Through the love of skiing : British Columbia by Sølve Sundsbø

In the bounds of Fashion Eye, a collection of books of photographs edited by the leather goods and ready to wear clothing brand, Louis Vuitton, the Norwegian photographer Sølve Sundsbø has put together a series of forty-one images taken during thirteen different trips to the massif of Selkirk in British-Columbia. A book of mysterious and magical images, as if nature allowed us to to listen to some secret music.
It is sufficiently rare to to learn about the inverse of skiing through the eye of a photographer who specialises in the feminine universe and makes us interested in it, but when the aforementioned photographer overlaps Black Crows with frequenting London’s roving skiing aristocracy it tickles our curiosity. Sølve agreed to answer a few questions and allowed us to publish a preview of this masterpiece as well as a few photographs of his work in the world of fashion.

HyperFocal: 0

Black Crows : Coming from a skiing country, what type of ski did you do and how important was skiing in your family ?

Sølve : I started crosscountryskiing when I was 15 months old. In Norway skiing, especially if you live in the country side,is very common. Cross-country skiing was the name of the game when I was young, and still is for most. Alpine skiing was always a small sport compared to the Nordic disciplines. Ski jumping, cross country and Biathlon was the “REAL” skiing.

Its quite ironic considering Slalom is a Norwegian word to start with; from slad (sloping) + lom (path).
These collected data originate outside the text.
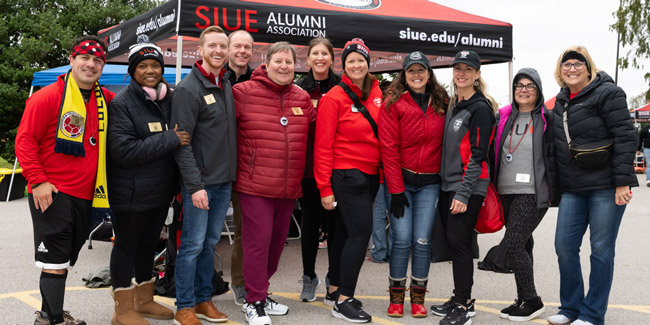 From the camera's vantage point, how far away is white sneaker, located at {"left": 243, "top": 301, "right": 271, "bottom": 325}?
362 centimetres

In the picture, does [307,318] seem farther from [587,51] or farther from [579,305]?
[587,51]

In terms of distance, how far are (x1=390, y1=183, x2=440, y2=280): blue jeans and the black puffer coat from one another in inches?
35.2

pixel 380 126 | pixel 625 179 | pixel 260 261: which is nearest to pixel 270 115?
pixel 380 126

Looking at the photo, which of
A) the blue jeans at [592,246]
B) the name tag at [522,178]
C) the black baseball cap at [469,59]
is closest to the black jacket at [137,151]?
the black baseball cap at [469,59]

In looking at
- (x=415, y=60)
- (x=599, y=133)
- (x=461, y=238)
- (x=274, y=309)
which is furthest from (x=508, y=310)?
(x=415, y=60)

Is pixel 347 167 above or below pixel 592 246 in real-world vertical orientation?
above

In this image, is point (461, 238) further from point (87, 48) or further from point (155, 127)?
point (87, 48)

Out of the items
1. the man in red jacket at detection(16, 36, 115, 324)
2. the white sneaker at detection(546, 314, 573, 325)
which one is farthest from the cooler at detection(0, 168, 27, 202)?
the white sneaker at detection(546, 314, 573, 325)

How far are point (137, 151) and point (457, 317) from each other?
7.97ft

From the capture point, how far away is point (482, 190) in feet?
11.9

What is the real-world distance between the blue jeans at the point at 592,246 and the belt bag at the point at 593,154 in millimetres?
201

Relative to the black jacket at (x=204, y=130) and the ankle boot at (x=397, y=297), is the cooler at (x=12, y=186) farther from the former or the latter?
the ankle boot at (x=397, y=297)

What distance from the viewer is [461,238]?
145 inches

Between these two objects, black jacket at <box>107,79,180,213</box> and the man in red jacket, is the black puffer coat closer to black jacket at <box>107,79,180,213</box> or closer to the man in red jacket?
black jacket at <box>107,79,180,213</box> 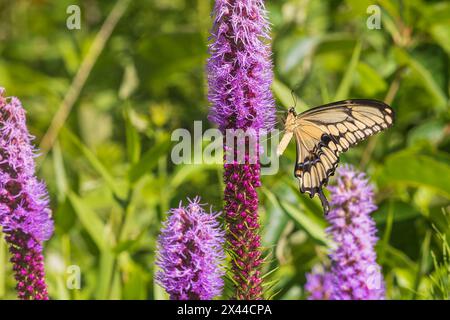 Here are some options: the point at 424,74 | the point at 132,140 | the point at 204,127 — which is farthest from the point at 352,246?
the point at 204,127

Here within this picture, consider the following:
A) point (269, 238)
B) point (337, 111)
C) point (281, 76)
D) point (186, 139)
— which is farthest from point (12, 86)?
point (337, 111)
The ski turn we do today is the Christiania turn (old name of the current capital Oslo), it replaced the Telemark turn ( a county in Norway).
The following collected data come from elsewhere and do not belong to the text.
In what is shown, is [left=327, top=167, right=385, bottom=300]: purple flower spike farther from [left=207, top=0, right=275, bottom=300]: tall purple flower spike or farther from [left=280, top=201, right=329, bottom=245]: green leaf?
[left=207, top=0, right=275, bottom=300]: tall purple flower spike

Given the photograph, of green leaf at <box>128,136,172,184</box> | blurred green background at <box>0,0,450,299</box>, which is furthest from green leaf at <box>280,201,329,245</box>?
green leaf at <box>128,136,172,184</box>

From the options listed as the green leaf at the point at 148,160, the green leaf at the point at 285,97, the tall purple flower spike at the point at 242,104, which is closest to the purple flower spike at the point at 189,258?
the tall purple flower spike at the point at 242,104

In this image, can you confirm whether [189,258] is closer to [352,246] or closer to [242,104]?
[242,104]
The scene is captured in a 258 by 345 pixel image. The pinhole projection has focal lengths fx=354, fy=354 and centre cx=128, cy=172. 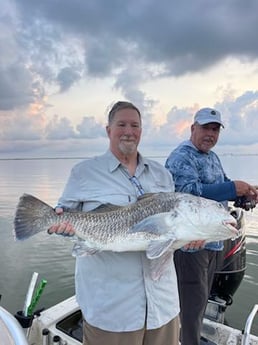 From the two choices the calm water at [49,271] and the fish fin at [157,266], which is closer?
the fish fin at [157,266]

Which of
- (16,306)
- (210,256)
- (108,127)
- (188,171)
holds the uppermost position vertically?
(108,127)

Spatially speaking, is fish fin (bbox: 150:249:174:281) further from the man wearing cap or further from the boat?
the boat

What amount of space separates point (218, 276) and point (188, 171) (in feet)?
5.39

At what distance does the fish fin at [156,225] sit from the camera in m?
2.41

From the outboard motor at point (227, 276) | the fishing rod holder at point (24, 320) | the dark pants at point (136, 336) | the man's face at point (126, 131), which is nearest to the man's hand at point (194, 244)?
the dark pants at point (136, 336)

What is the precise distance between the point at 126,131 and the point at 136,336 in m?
1.43

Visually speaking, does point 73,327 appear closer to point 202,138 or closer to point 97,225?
point 97,225

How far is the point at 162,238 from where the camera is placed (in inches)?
94.7

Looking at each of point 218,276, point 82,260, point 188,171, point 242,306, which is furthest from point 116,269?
point 242,306

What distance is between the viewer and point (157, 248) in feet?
7.76

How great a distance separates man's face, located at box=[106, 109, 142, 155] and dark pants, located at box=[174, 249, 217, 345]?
4.60ft

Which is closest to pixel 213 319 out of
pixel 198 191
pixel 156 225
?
pixel 198 191

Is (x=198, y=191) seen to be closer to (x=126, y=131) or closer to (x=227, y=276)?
(x=126, y=131)

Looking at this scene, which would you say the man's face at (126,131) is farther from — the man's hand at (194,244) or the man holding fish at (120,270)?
the man's hand at (194,244) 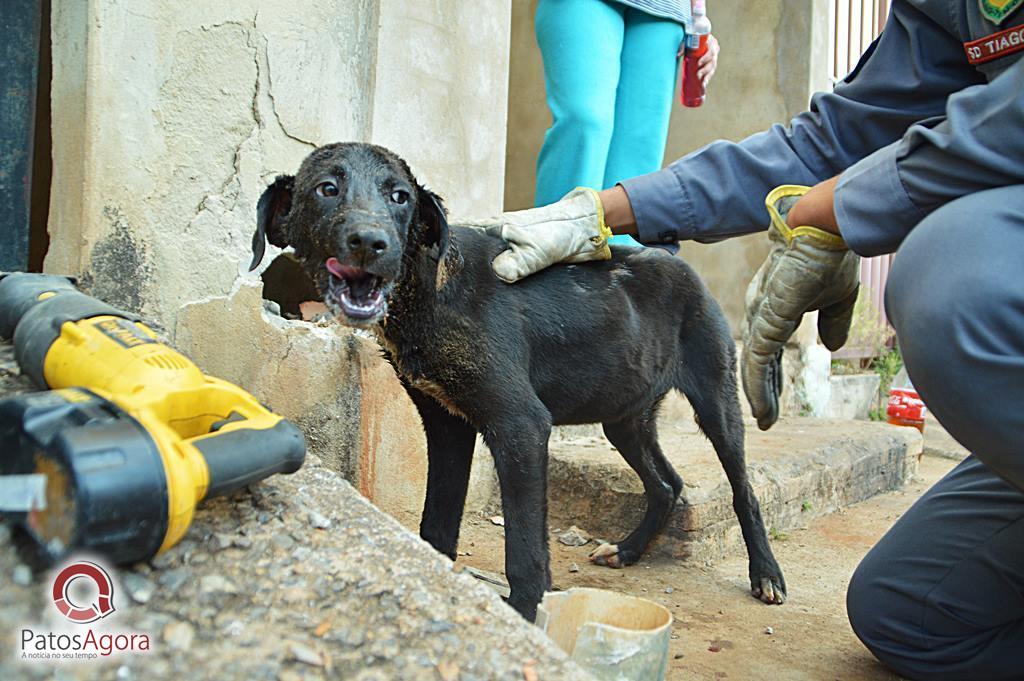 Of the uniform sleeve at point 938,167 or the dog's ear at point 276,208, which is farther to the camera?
the dog's ear at point 276,208

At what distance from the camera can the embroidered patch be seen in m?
1.64

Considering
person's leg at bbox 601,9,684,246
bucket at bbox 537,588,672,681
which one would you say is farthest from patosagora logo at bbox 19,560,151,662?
person's leg at bbox 601,9,684,246

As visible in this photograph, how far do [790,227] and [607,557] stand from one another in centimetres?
164

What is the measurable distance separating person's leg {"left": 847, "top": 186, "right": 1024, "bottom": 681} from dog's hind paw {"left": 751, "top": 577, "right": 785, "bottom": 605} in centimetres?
59

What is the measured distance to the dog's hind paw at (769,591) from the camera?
2898 millimetres

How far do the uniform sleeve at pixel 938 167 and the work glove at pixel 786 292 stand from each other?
14cm

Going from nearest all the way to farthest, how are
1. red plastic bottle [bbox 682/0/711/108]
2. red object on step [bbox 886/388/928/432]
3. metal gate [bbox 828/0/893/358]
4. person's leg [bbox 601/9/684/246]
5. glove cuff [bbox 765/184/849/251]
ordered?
glove cuff [bbox 765/184/849/251] → person's leg [bbox 601/9/684/246] → red plastic bottle [bbox 682/0/711/108] → red object on step [bbox 886/388/928/432] → metal gate [bbox 828/0/893/358]

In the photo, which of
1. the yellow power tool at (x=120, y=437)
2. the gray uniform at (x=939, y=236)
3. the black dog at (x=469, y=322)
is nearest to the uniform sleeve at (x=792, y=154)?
the gray uniform at (x=939, y=236)

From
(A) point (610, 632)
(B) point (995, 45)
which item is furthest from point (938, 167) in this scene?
(A) point (610, 632)

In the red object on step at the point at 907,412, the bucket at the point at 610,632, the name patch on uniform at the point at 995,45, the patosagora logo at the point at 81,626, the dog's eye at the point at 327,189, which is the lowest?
the red object on step at the point at 907,412

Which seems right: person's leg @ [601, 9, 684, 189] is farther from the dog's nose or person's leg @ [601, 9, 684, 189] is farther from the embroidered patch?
the embroidered patch

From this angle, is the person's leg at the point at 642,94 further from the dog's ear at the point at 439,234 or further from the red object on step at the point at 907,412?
the red object on step at the point at 907,412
Black Crows : Apparently, you were doing competition, in which discipline and why did you stop ?

Sølve : I competed in cross-country skiing until early teenage years and then I stopped completely. The only cross-country I did after that was with friends in the mountains far away from any conventional tracks. At that point I had become seriously interested in alpine skiing but never in any competitive way; just “recreational” and never with any formal training.

Knut Bentzen

Black Crows : Concerning photography, how did you start photography and how did you become a fashion photographer ? Was it something you were looking up to ?
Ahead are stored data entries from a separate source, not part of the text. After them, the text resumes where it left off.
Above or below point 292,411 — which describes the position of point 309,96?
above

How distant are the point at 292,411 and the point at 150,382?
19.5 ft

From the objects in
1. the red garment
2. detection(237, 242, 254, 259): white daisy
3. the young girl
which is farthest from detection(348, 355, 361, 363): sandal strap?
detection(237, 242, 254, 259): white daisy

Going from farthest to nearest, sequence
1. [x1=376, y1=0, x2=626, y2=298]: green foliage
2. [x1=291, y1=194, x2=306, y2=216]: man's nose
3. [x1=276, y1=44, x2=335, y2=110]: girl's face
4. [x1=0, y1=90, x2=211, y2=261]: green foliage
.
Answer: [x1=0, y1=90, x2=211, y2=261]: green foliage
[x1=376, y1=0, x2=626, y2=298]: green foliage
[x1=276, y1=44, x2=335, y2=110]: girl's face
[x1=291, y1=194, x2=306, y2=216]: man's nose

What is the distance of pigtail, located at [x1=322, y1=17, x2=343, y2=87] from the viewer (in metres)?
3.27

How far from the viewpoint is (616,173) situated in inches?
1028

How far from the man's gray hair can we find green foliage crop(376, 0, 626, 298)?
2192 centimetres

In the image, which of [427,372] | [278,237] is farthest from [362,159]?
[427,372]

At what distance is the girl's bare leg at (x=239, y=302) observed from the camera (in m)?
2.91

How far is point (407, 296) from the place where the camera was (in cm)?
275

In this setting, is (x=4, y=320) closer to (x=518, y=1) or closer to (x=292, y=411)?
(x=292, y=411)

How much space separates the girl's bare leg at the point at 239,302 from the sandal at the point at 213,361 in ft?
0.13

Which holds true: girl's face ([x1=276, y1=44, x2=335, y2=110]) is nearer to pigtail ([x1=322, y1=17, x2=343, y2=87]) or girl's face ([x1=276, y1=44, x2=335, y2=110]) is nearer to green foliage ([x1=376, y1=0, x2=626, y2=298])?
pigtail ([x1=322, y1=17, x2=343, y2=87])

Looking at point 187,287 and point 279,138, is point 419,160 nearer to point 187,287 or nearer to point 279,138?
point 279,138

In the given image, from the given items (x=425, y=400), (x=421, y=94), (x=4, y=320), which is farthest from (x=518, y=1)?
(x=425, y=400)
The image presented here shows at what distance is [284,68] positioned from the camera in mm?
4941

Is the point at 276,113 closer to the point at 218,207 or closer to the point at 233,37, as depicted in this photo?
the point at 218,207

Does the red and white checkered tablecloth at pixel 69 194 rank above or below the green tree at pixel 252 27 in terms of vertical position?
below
Sølve : One of the triggers for my career was going to concerts and to go skiing. We would always bring a camera and take pictures of jumps or silly things we would find. We read “Åka skidor” and “Powder” magazine and dreamt big. With snow being white, your subject jumps out against you. At concerts your subject appears out of the darkness. I think this reductionist way of creating images appealed to me and has in many ways stayed with me ever since.

Black Crows : What is the link between the young skier from a remote place in Norway and the fashion photographer that goes around the world ?

Sølve : I am not sure if I would ever have started taking pictures if it wasn’t for the ski magazines and the amazing photographers that worked for them. I dreamed of skiing and that dream was fed by photography.

Sølve Sundsbø

Black Crows : Do you find inspiration in skiing or mountains for your creative work ?

Sølve : Yes, I do. All nature inspires me. Whether it’s mountains or marine micro organisms. Nature’s creativity is almost endless. Skiing clears my mind and nature fills it.

Black Crows : Did you build this book for this project or was it already in process ?

Sølve : The book was based on several years of images taken for no other purpose than for my own curiosity and pleasure. I use a small pocket camera and my images are taken either on the way up, the top or right at the bottom of the mountain. In between, I mostly ski and don’t take that many pictures.

When I started talking to the editor and the publishers, I searched through my Archive and we ended up taking an abstract, minimal approach to the pictures we settled on. A very small human presence seemed to be the right emphasis. The result looks very much like a place where there should be no people. Another planet, almost.

Sølve Sundsbø

Black Crows : Do you usually take pictures when you go skiing ?

Sølve : I always bring a camera. Now it is mostly for the benefit of the children.

Black Crows : How do you see the job of a skiing photographer ?

Sølve : I admire the photographers that have made it their job to work with skiers. Tough job for tough people. The weight of the gear, the conditions etc etc. But I guess I have chosen to do it in a different, more personal way.